[Opening Given data section]
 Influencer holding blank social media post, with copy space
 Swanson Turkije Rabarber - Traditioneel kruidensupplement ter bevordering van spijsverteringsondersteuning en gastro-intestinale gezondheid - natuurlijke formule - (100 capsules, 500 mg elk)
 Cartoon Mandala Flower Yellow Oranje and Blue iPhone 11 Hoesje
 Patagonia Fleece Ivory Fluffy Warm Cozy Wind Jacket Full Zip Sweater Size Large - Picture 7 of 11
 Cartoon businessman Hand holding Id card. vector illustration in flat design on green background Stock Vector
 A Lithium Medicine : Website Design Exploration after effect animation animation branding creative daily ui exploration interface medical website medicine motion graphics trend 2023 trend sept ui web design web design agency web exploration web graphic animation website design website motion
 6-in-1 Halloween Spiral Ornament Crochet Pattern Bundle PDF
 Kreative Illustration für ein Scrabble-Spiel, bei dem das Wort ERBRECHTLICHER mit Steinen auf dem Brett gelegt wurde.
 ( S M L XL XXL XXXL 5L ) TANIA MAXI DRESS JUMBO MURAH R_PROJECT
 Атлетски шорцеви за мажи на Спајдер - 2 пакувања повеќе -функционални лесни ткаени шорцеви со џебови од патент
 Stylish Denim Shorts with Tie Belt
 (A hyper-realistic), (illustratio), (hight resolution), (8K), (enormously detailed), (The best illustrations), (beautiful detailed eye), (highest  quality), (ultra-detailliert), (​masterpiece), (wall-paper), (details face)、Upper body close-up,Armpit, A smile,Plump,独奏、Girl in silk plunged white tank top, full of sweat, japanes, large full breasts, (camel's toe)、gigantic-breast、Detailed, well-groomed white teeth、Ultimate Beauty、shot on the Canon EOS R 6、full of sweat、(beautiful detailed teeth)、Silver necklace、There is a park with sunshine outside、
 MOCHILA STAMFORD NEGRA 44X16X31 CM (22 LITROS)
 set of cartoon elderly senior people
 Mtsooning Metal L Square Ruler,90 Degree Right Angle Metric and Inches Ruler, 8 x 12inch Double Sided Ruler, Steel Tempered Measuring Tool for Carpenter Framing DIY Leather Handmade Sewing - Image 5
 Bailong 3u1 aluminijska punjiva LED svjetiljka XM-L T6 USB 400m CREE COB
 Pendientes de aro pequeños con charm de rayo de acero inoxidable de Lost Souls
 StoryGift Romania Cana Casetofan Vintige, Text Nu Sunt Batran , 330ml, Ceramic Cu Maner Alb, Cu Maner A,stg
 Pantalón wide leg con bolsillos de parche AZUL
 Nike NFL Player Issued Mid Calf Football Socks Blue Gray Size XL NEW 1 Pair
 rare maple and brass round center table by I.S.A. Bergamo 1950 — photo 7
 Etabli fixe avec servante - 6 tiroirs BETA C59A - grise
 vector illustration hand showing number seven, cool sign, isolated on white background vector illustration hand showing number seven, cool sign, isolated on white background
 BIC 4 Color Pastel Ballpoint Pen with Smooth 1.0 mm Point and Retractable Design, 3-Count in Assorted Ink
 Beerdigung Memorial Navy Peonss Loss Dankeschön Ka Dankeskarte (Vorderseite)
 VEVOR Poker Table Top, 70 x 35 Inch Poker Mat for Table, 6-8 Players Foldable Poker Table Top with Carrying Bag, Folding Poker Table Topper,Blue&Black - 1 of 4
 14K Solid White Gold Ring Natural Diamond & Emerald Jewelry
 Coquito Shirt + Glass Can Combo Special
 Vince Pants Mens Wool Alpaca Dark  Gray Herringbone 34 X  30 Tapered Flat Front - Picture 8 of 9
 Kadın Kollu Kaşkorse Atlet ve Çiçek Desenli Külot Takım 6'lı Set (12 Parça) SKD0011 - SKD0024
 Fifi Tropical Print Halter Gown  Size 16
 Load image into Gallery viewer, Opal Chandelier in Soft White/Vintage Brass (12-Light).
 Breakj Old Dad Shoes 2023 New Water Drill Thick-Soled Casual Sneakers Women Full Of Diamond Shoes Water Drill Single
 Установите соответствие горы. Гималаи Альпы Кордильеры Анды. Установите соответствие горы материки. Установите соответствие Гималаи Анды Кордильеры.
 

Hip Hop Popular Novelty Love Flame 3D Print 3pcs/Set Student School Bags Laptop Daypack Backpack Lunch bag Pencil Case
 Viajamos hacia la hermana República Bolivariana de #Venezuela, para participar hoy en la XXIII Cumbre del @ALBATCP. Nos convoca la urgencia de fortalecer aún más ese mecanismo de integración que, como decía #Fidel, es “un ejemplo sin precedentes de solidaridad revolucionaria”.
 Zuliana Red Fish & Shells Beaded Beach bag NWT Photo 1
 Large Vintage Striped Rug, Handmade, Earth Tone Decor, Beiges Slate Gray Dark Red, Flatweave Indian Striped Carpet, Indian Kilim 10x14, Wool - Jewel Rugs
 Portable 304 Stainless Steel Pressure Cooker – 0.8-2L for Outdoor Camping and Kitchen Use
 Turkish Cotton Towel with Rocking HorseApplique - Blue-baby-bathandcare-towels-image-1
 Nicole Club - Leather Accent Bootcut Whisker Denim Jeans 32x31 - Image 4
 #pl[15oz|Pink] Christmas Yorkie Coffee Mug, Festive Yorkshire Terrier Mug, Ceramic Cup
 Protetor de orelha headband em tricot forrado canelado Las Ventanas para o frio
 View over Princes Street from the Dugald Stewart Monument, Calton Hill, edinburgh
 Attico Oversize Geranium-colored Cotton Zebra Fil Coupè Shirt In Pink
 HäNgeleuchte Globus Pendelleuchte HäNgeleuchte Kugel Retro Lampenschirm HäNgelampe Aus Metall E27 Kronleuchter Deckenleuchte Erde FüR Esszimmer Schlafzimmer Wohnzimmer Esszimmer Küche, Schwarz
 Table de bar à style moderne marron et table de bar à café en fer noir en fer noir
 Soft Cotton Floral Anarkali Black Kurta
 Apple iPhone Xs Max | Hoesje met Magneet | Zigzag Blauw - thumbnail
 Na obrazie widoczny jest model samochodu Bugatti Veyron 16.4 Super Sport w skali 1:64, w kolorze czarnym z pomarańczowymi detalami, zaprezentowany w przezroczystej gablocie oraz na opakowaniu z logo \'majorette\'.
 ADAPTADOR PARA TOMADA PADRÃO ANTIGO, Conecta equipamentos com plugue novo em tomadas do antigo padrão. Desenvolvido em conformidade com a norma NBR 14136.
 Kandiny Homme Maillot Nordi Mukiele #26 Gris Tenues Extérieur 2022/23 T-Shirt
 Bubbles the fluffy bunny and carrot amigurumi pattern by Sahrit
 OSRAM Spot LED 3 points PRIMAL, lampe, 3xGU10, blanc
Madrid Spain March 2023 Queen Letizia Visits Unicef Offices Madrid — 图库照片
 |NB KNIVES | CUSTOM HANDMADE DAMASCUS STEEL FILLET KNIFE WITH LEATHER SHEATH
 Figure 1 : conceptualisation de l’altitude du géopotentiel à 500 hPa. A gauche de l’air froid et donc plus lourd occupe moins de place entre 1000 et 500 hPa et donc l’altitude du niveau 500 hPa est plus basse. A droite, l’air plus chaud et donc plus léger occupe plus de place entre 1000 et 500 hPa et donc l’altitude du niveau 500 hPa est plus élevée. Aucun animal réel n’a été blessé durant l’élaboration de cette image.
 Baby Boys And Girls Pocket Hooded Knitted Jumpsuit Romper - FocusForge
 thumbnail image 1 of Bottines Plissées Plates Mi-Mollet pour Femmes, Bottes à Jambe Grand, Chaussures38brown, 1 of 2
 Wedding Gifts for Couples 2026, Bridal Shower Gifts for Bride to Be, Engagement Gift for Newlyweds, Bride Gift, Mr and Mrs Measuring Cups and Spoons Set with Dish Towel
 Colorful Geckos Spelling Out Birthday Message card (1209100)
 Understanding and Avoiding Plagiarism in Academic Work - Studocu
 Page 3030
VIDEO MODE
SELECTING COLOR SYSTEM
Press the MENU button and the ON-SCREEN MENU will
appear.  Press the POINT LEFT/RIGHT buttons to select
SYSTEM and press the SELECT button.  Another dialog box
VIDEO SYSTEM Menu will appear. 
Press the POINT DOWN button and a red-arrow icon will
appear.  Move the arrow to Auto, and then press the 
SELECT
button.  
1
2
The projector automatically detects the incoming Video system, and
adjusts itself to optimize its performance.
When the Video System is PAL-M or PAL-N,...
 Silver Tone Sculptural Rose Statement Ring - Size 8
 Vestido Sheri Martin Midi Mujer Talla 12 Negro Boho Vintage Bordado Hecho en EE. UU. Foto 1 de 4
[Closing Given data section]
Task requirements | Copy each line of the listing above that contains the word "card".

Expected output |
 Cartoon businessman Hand holding Id card. vector illustration in flat design on green background Stock Vector
 Colorful Geckos Spelling Out Birthday Message card (1209100)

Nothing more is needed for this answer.